Without any pictures, retype exactly the lines from the one with "Photo of Ben" through the final line of the records.

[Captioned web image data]
┄┄┄┄┄┄┄┄┄┄┄┄┄┄┄┄┄┄┄┄
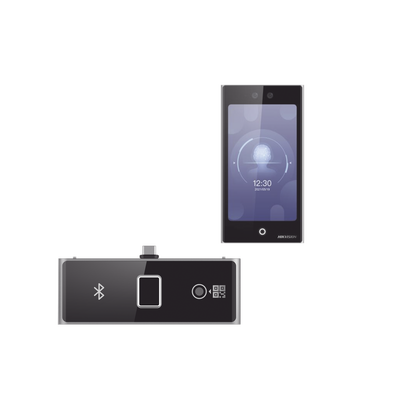 [DS-K1T673DWX/K] Terminal Facial Min Moe WiFi con pantalla de 7" y Lector de Huellas, Códigos QR y Bluetooth /  Exterior IP65 / 10,000 rostros y 50,000 tarjetas / Soporta módulo lector de Huella, QR y Bluetooth / HIK-IA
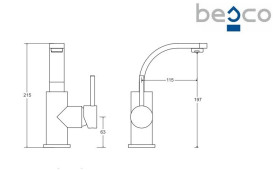 Змішувач для раковини Besco Decco II одноважільний чорний матовий BU-DII-CZ
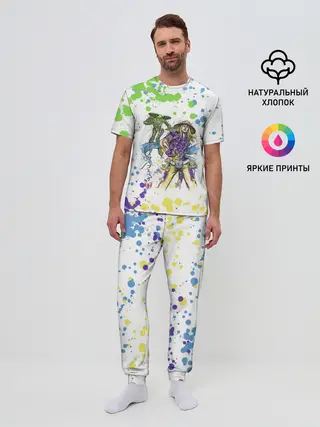 Мужская пижама с брюками / Jojo зеленые пятна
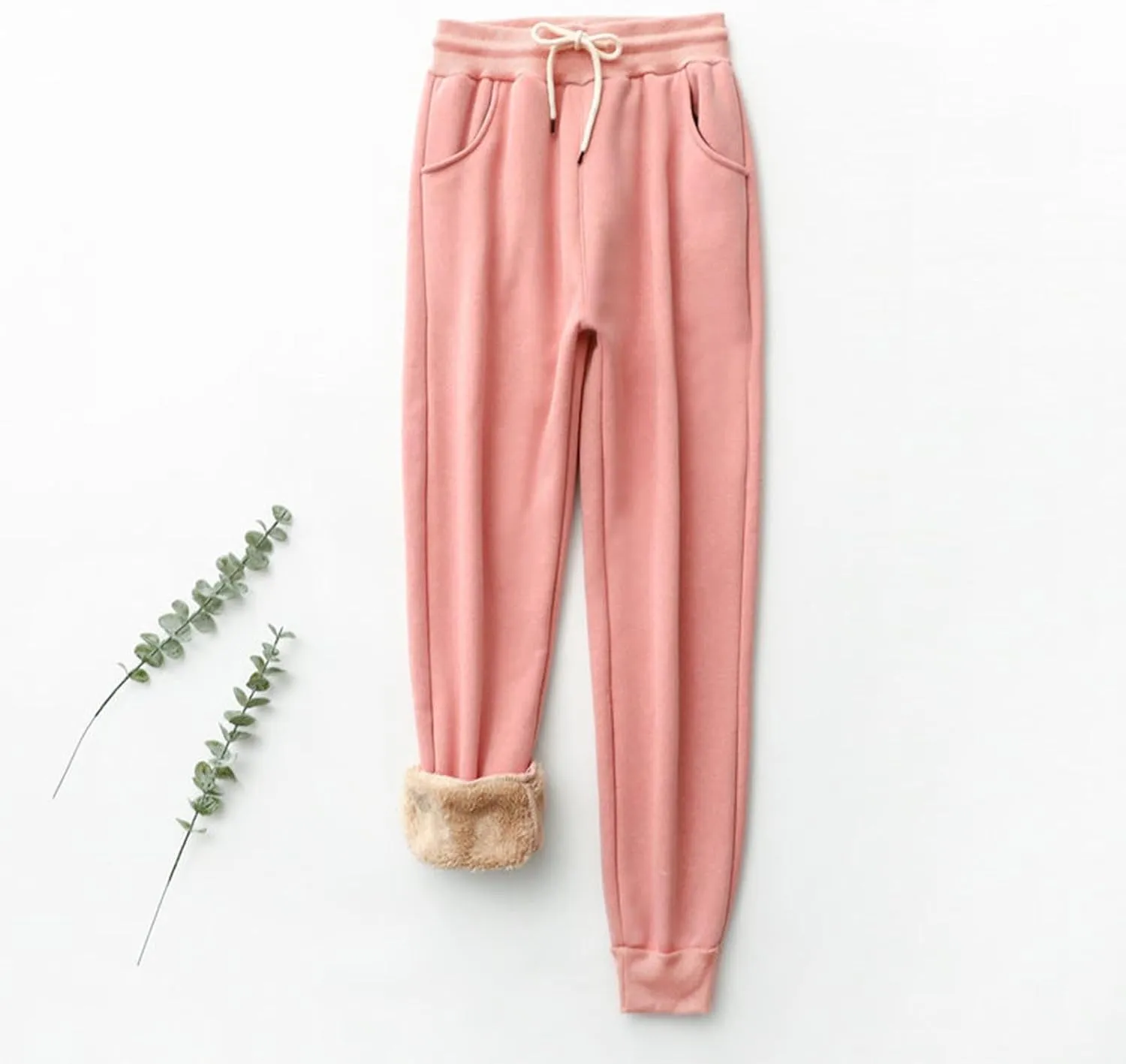 Women's Fleece Lined Warm Sweatpants Drawstring Elastic High Waist Joggers Pants Fall Winter Pants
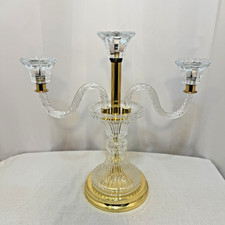 Vtg Crystal Clear Industries Lead Crystal And Brass 3 Arm Candelabra USA picture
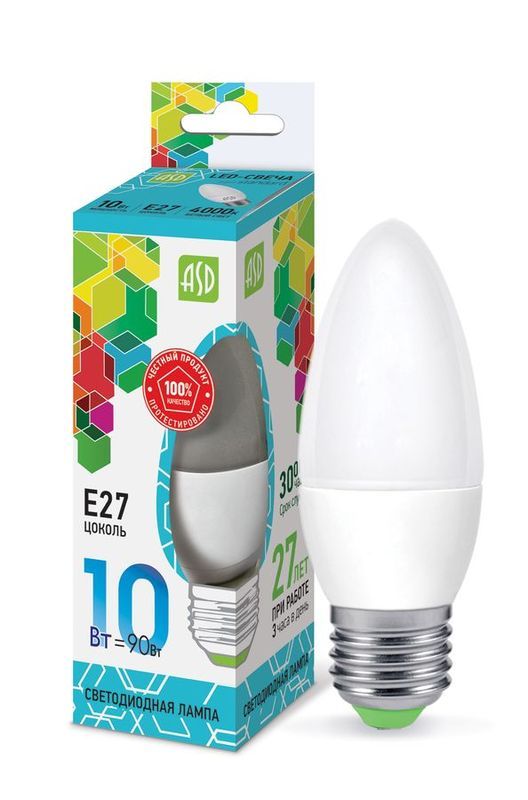 Лампа сд LED-СВЕЧА-std 7.5Вт 230В Е27 4000К 675Лм ASD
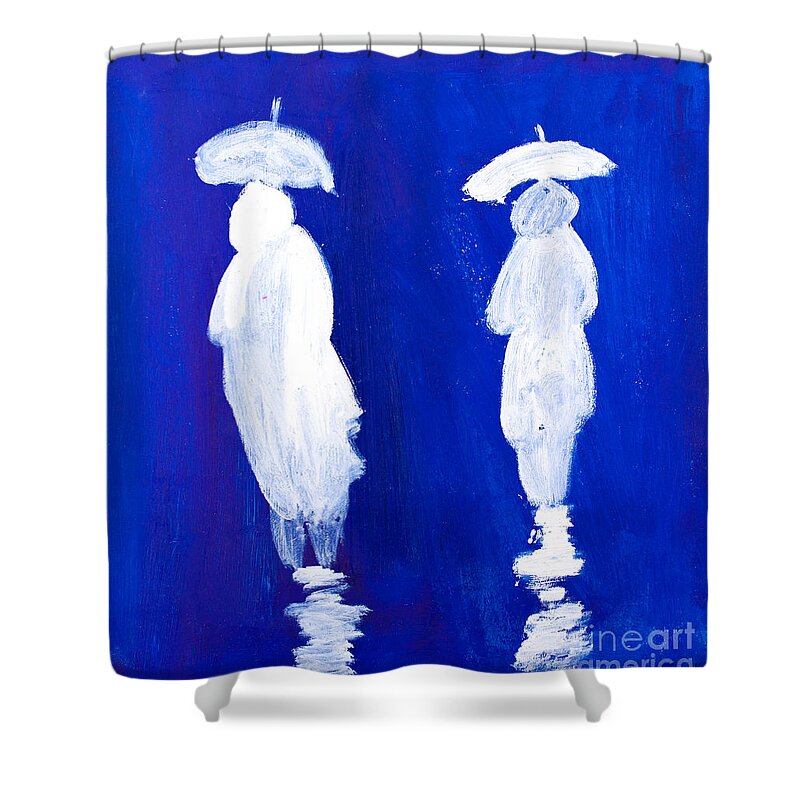 Art Shower Curtain featuring the painting Rain Walkers by Simon Bratt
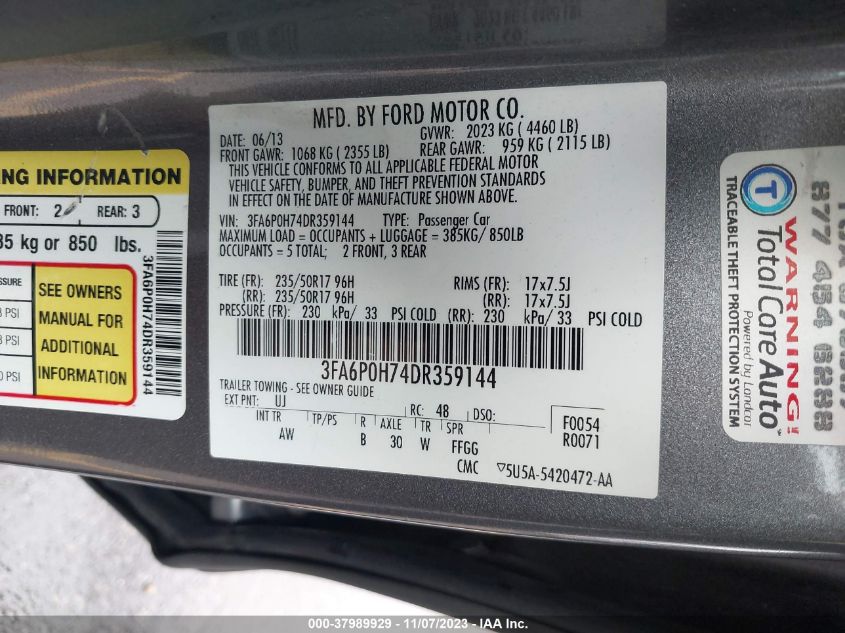 2013 FORD FUSION SE - 3FA6P0H74DR359144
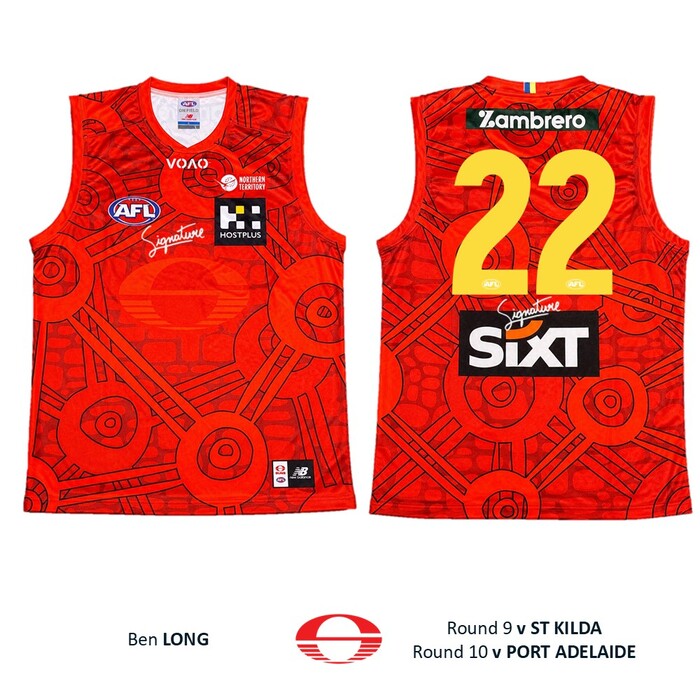 Photo of Ben Long #22 Gold Coast SUNS Darwin/Larrakia Match-Worn Guernsey (Round 9)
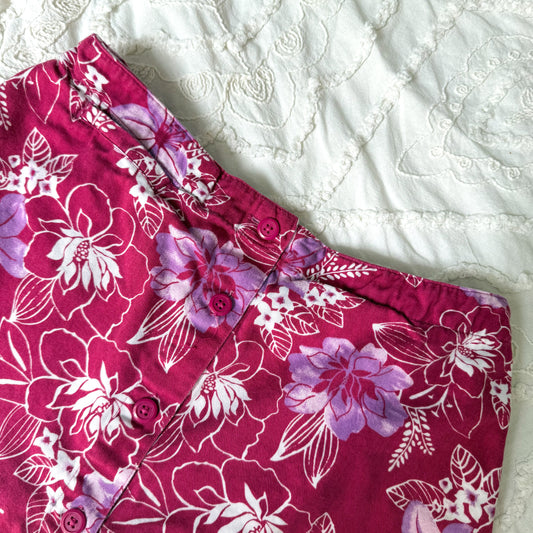 White stag pink floral skort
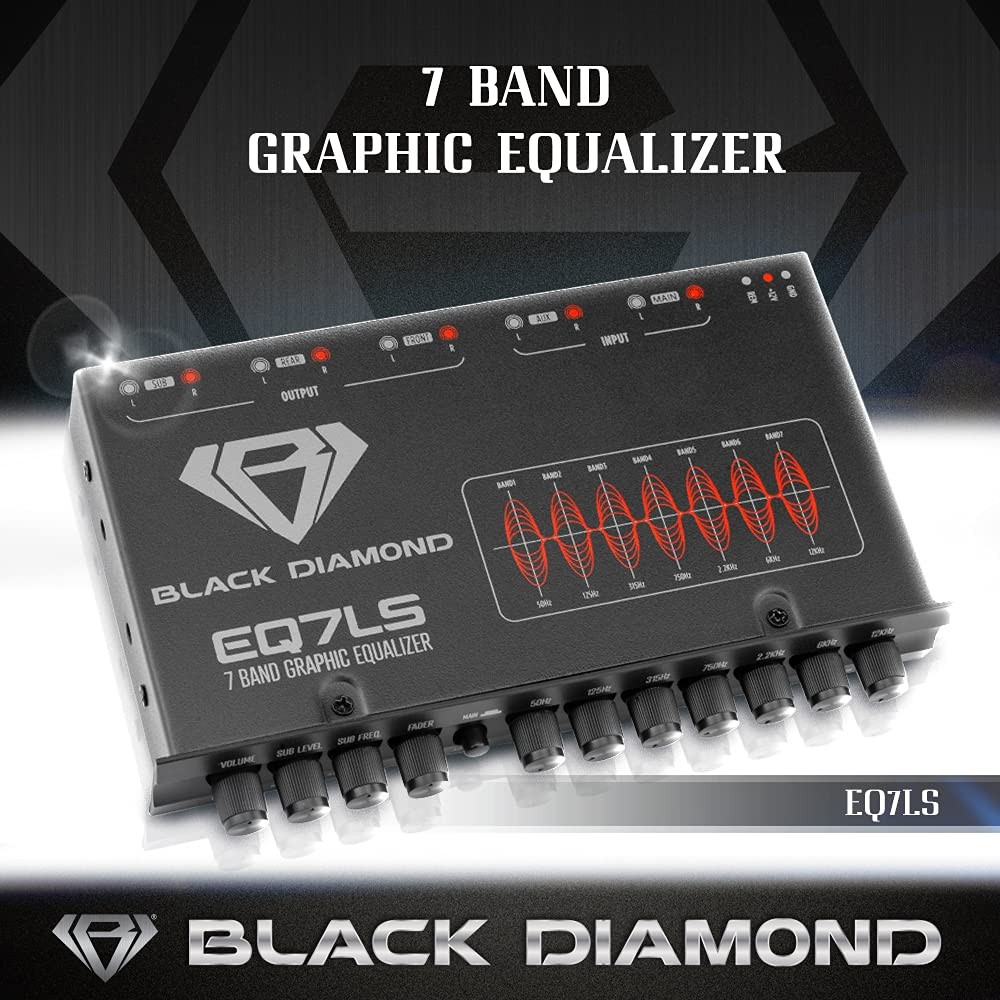 Black Diamond EQ7LS 7-Band Stereo Equalizer/Crossover Pre Amp Equalizer black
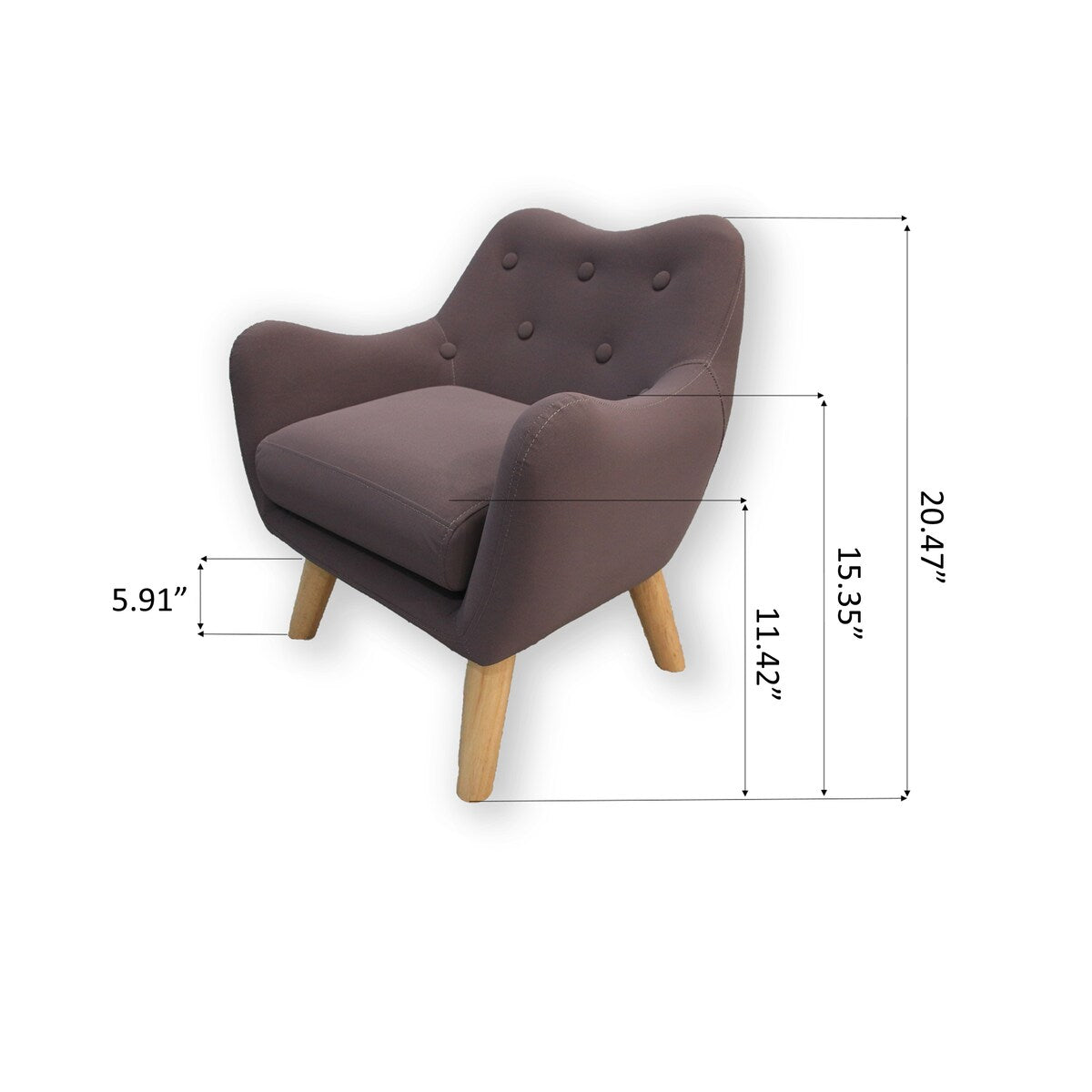 Microfibres Fabric Upholstered Child Accent Armchair with Wooden Legs - 19.29"W x 16.93"D x 20.47"H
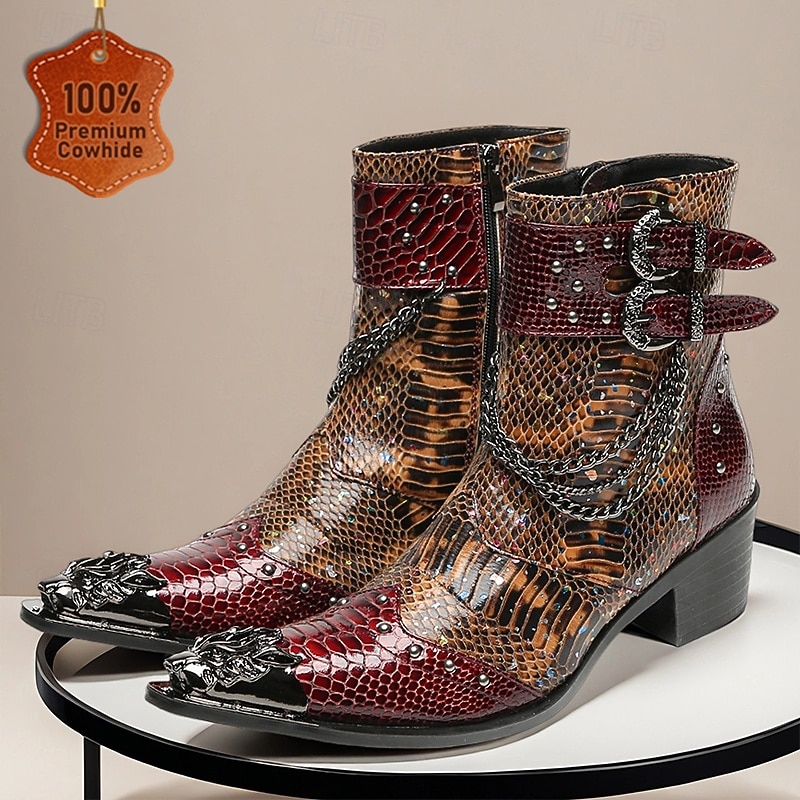 Men's Genuine Cowhide Leather Snakeskin Pattern Ankle Boots with Dual Buckles – Rock Punk Style Casual and Party Footwear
┄┄┄┄┄┄┄┄┄┄┄┄┄┄┄┄┄┄┄┄
**Written answer:**
 Photo of Ben Long #22 Gold Coast SUNS Darwin/Larrakia Match-Worn Guernsey (Round 9)
 White stag pink floral skort
 Black Diamond EQ7LS 7-Band Stereo Equalizer/Crossover Pre Amp Equalizer black
 Microfibres Fabric Upholstered Child Accent Armchair with Wooden Legs - 19.29"W x 16.93"D x 20.47"H
 Men's Genuine Cowhide Leather Snakeskin Pattern Ankle Boots with Dual Buckles – Rock Punk Style Casual and Party Footwear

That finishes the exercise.